MATERIAL FOR THIS TASK:
★ ★ ★ ★ ★

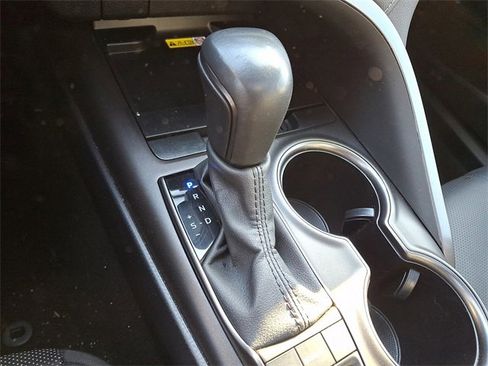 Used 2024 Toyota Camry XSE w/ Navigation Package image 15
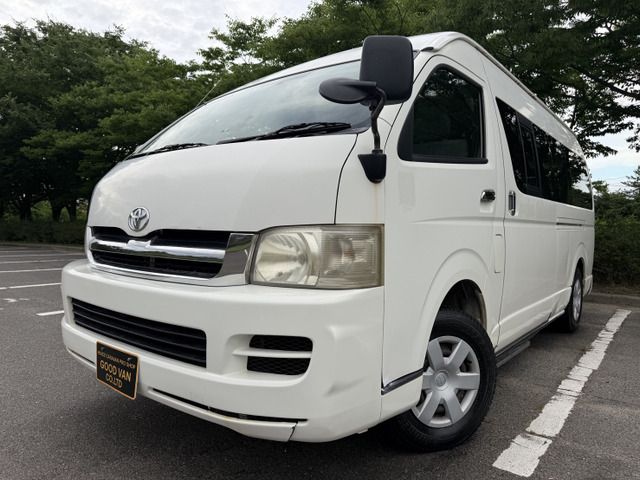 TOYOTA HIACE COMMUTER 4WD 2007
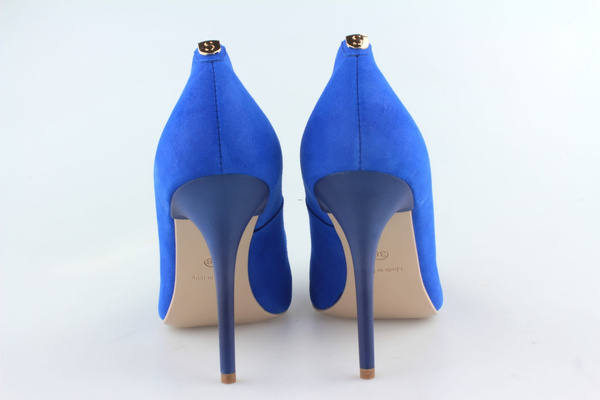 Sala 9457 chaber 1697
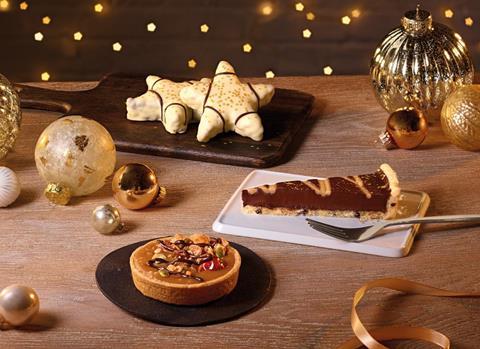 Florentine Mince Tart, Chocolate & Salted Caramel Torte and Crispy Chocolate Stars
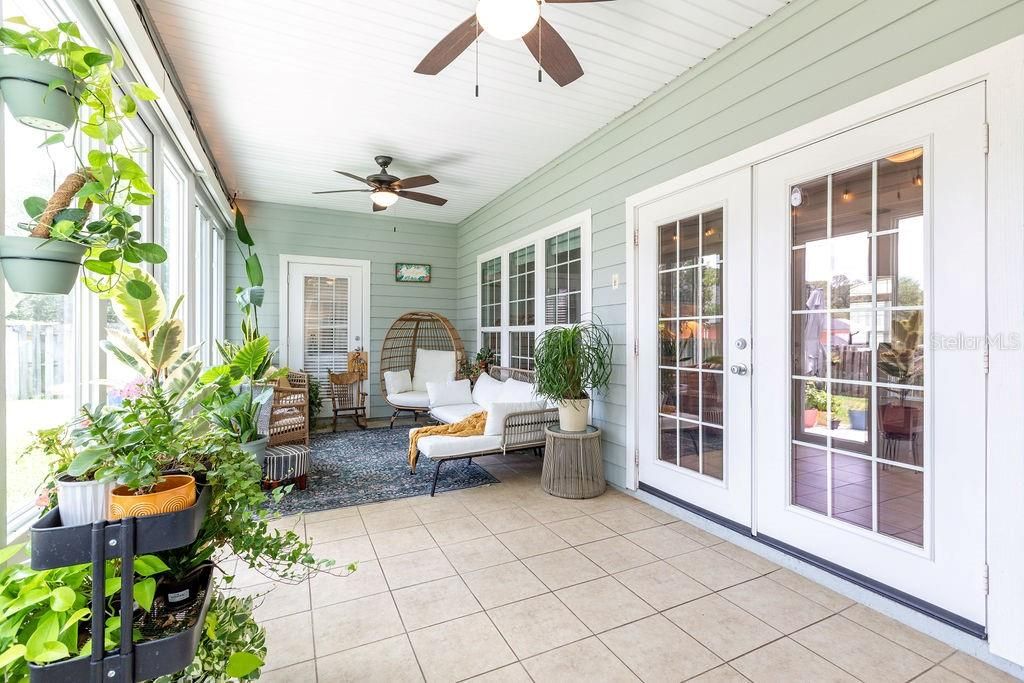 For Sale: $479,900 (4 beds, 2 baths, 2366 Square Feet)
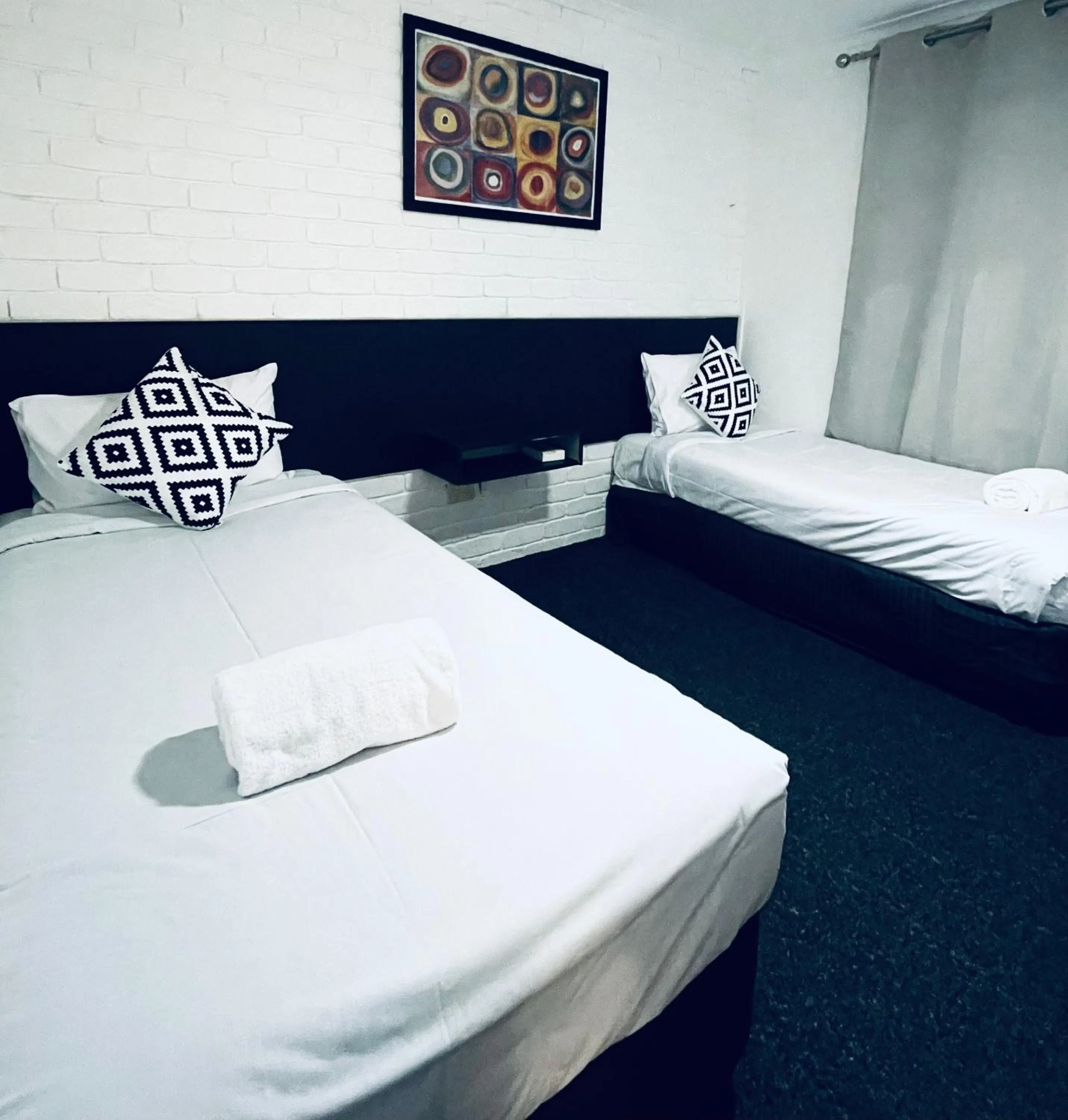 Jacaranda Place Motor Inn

★ ★ ★ ★ ★

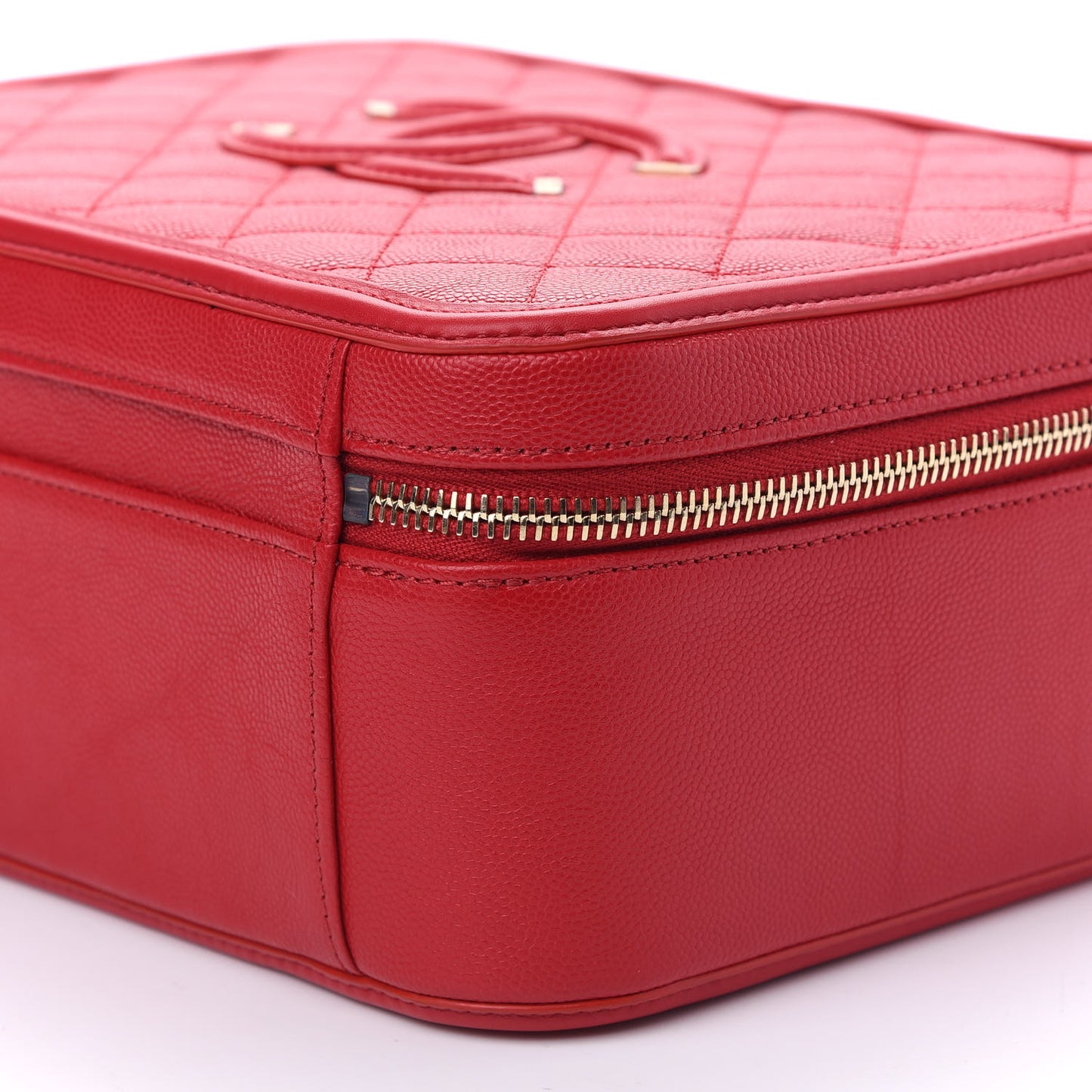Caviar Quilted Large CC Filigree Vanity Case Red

★ ★ ★ ★ ★

TRY IT: Every line above in the stretch from the one with "For Sale: $479,900" through the one with "Jacaranda Place Motor Inn" is to be transcribed exactly, ends included. No picture is copied.

RESPONSE:
 For Sale: $479,900 (4 beds, 2 baths, 2366 Square Feet)
 Jacaranda Place Motor Inn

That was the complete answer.